GIVEN DATA:
━━━
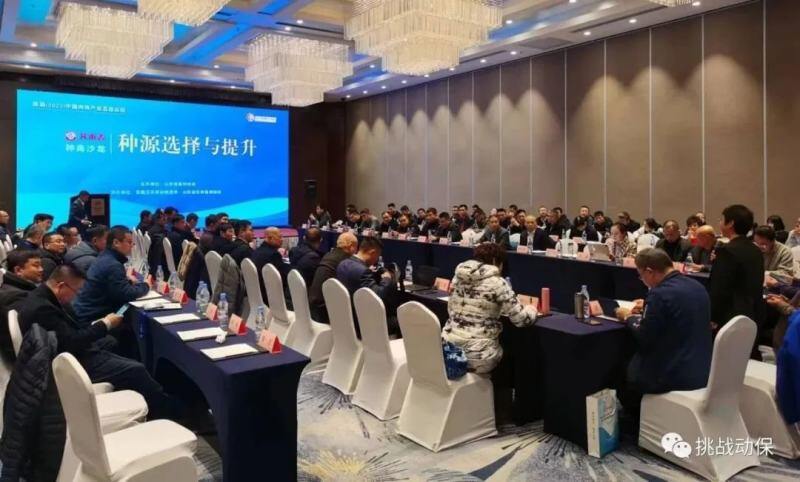 以创新为翼，助力肉鸡产业“跃升”——挑战动保携国家一类新兽药挑战沙米亮相首届中国肉鸡产业五岳论坛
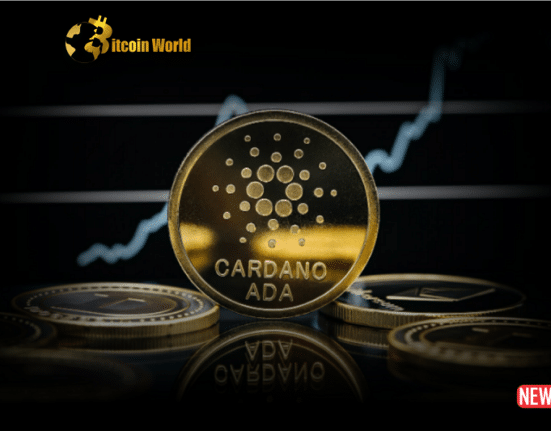 cardano ris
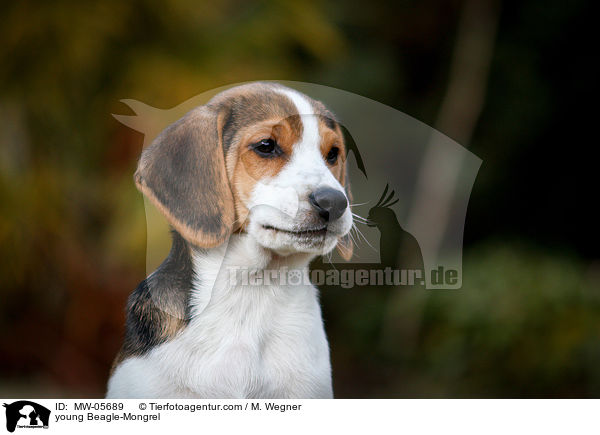 junger Beagle-Mischling / young Beagle-Mongrel / MW-05689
━━━
TASK TO CARRY OUT: Exactly the lines from the one containing "cardano ris" through the end of the data above: repeat those, both ends included, and nothing else. Skip the pictures.

ANSWER TO THE PROBLEM:
 cardano ris
 junger Beagle-Mischling / young Beagle-Mongrel / MW-05689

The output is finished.